Talking to the dead: South Florida has a Wind Phone that offers solace to the grieving

Talking to the dead: South Florida has a Wind Phone that offers solace to the grieving

Anyone who has lost a close friend or relative knows the feeling: You want to pick up the phone and talk, like you used to.

This urge to converse with the deceased is instinctive and wrenching and dispiriting. The only way to stop it is to speak, to release our sad energy, even if we’re not sure who’s listening.

A humble little monument in Hillsboro Beach is now available to serve those who want to let go of this sorrow by talking. Behind the town’s police station, an old-fashioned red rotary phone beckons the bereaved in a peaceful setting on the Intracoastal Waterway.

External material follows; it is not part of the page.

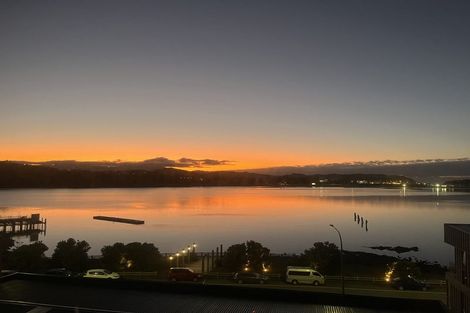 Photo of property in Patent 326 Apartments, 503s/326 Evans Bay Parade, Hataitai, Wellington, 6021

The phone, installed in January, is not connected and it won’t ring. When you speak into it, your words are released into the South Florida breeze.

The town set up this Wind Phone, as they are known across the world, at the behest of resident Claudine Mourjan, whose son, Ilan Zafran, died of fentanyl poisoning in May 2020. He was 30.

A native of France, Mourjan, 59, came to the United States 28 years ago with her ex-husband to open a restaurant, Bistro Provence in Boca Raton. The bistro was open for 15 years before it closed in 2015.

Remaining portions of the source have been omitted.